PROBLEM TO WORK ON:
Omit the pictures and reproduce the rest of the listing exactly.

INFORMATION SHOWN:
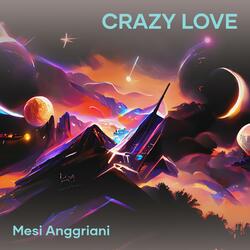 Crazy Love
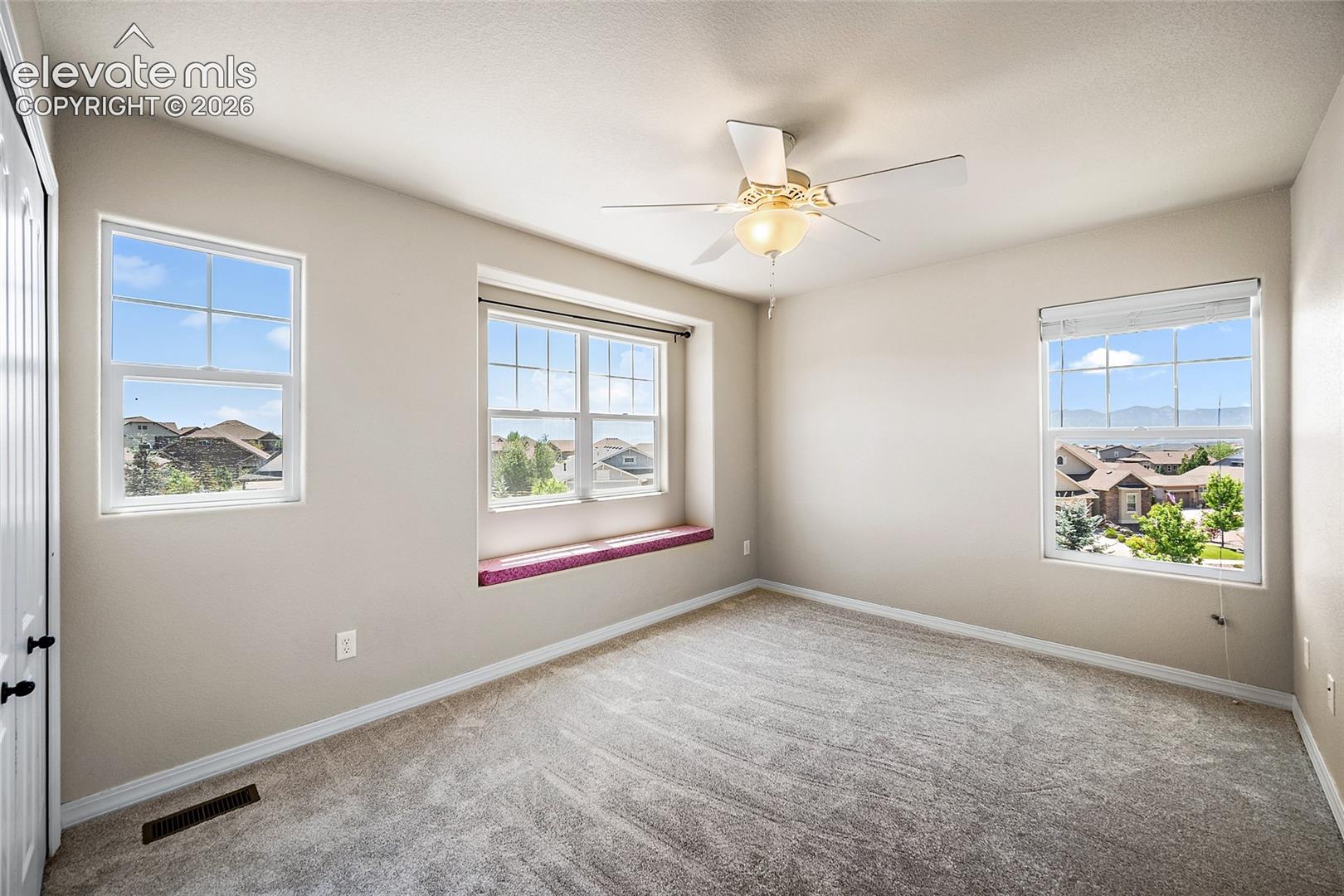 4426 New Santa Fe Trail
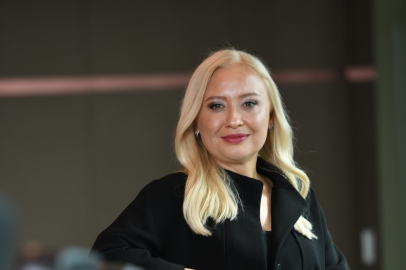 Alternatif Bank, Dijital/Mobil Kanallarda Masrafsız Bankacılık Deneyimi Sunmaya Devam Ediyor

RESULT:
 Crazy Love
 4426 New Santa Fe Trail
 Alternatif Bank, Dijital/Mobil Kanallarda Masrafsız Bankacılık Deneyimi Sunmaya Devam Ediyor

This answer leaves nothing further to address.